“Every common bush afire with God”

Weatherbeaten pines near the summit of Mt. Tallac.

Earth’s crammed with heaven
And every common bush afire with God,
But only he who sees, takes off his shoes.
The rest sit round it and pluck blackberries
And daub their natural faces unaware…

–  Elizabeth Barrett Browning

 

August 6th marks the Feast of the Transfiguration, that strange moment in the gospel narrative when the divine glory in Jesus is glimpsed by three disciples on the summit of a mountain. Scholars have puzzled over the strange mysticism of the story, an anomalous intrusion into the more historical tone of the gospel texts. Was it a misplaced post-resurrection story, or did the glory of heaven really blaze for a moment in an ordinary place on an ordinary afternoon?

Although some scholars locate the event on the higher, wilder summit of Mt. Hermon (9232’), tradition commemorates the story on the gently rounded crown of Mt. Tabor, a solitary knob rising 1500 feet above the Galilean plain. To the romantics among us, in love with the sublime majesty of high mountains, Tabor’s humbler setting seems an uninspired choice for a manifestation of the divine. Doesn’t the experience of divine presence require the less accessible, more transcendent heights of a Mt. Sinai, reached only with bleeding feet and gasping breath?

The lectionary readings for the Transfiguration don’t seem worried about the comparison. Sinai and Tabor are both remembered as summits where the divine presence was revealed to mortal sight. The gospel description of a cloud overshadowing the mount of Transfiguration is clearly meant to echo the theophany at Sinai. But the two mountains are in fact very different places.

Sinai is austere, barren, and forbidding, rising out of a desolate landscape that Deuteronomy aptly describes as “a terrible and waste-howling wilderness.” The mountain consists of 580 million year old red granite, overlaid by dark volcanic rock of more recent origin (ten million years ago).Travelers over the centuries have spoken of Mt. Sinai as “dark and frowning”, with its “stern, naked, splintered peaks.” One 19th century pilgrim said, “I felt as though I had come to the end of the world.”

For Moses and his people, its summit was wrapped in the Cloud of Unknowing, where human sight must become blind before it can see the divine light. It is a place apart, inhospitable to ordinary life and everyday knowledge. Its mystery remains hidden from the casual quest. “The knowledge of God,” said Gregory of Nyssa, “is a mountain steep indeed and difficult to climb.”

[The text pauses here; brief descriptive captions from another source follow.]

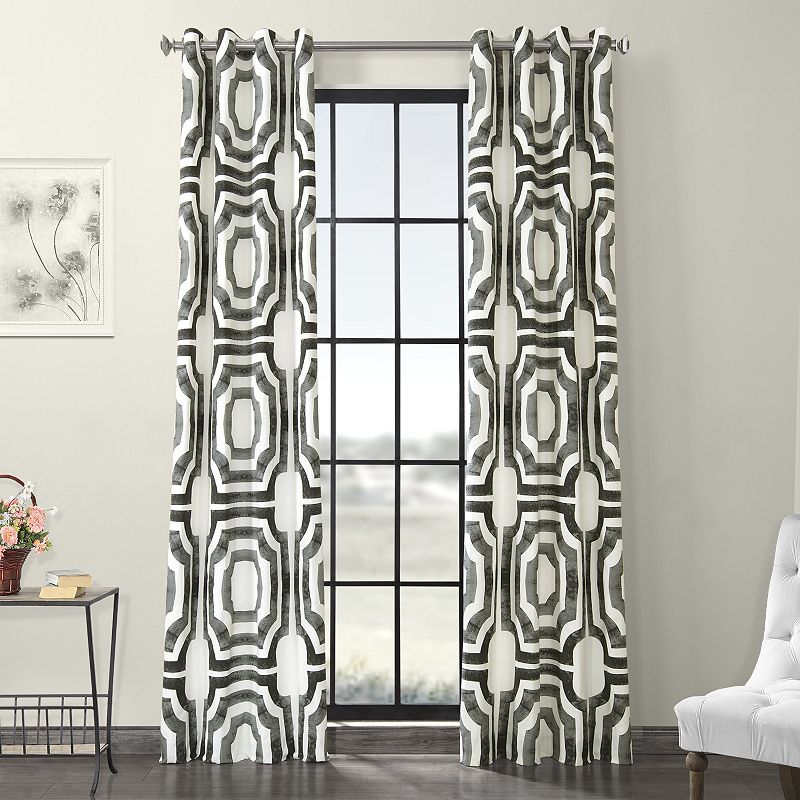 EFF Mecca Grommet Printed Cotton Window Curtain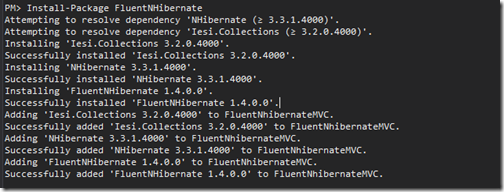 nuget-package-manager-adding-fluent-nhibernate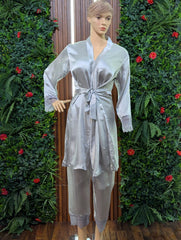 CHK # P71 Silk Robe Gown & Trouser Nightwear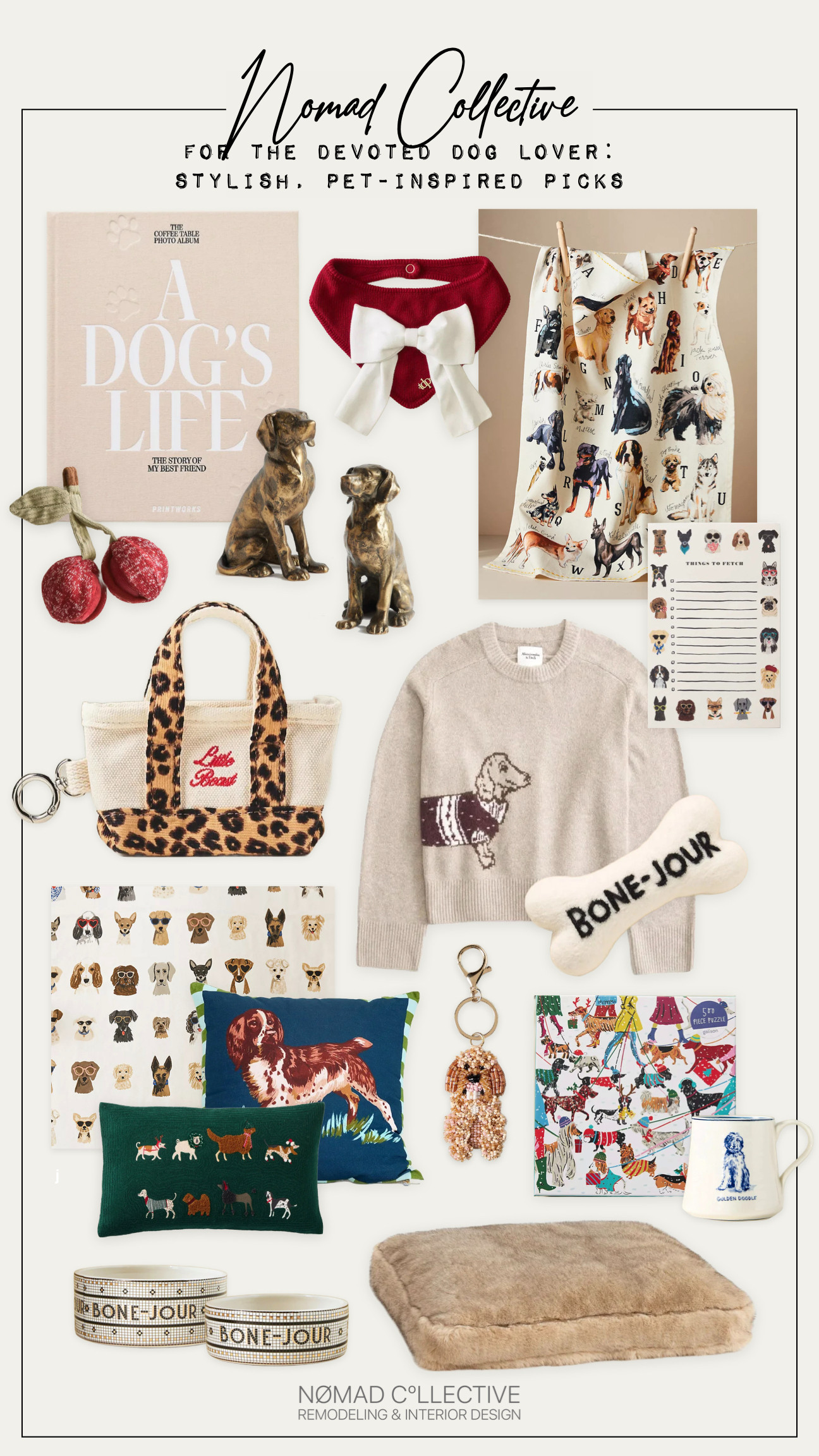 Stylish, pet-inspired picks for the friend who can’t get enough of their pup — thoughtful finds for their home, wardrobe, and furry companion. 

 

#LTKHoliday #LTKGiftGuide #LTKHome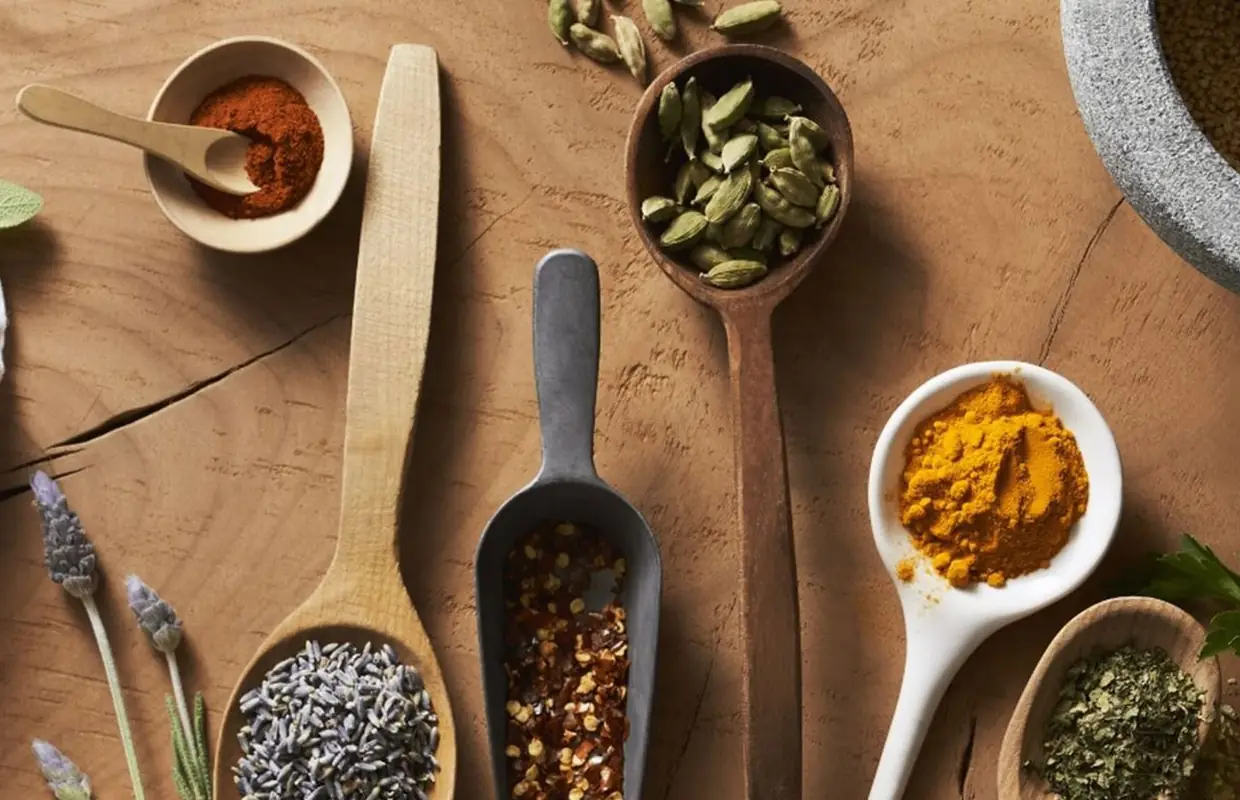 Organic herbs and spices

The Israelites were smart enough to know this. They stayed down in the valley where it was safe. Even there, the thunder and lightning around the peak made them shudder. The Exodus text says that just touching the edge of the mountain could kill you. So they were happy to let Moses go up alone. As one ancient writer put it, he “left behind every divine light, every voice, every word from heaven, to plunge into the darkness where the One dwells who is beyond all things.”

Medieval mystics said that on the summit, inside the cloud, Moses fell asleep in a supreme self-forgetfulness. Whatever he saw up there was beyond words, but the description of Moses descending is unforgettable: the skin of his face shone because he had been talking to God. The Israelites were afraid to come near him until he had veiled his face.

This is a story about the otherness of God, the one whose incomprehensible mystery is utterly beyond our world, beyond our knowing, beyond our grasp.

In choosing Tabor as the site to commemorate the Transfiguration, tradition has invoked God’s less forbidding aspect. Tabor is what geologists call a monadnock, a native American word for “mountain that stands alone.” Resistant to the erosion that reduced its surroundings to a low plain, its solitary rounded shape draws the eye from miles around. Set in a fertile portion of the Galilee, it is adorned with grasses, shrubs, and groves of pine, oak, and cypress. Where Sinai is fierce and forbidding, Tabor is gentle and welcoming, pleasant and hospitable. Its modest scale and cheerful greenness made me feel at home when I climbed it nearly thirty years ago.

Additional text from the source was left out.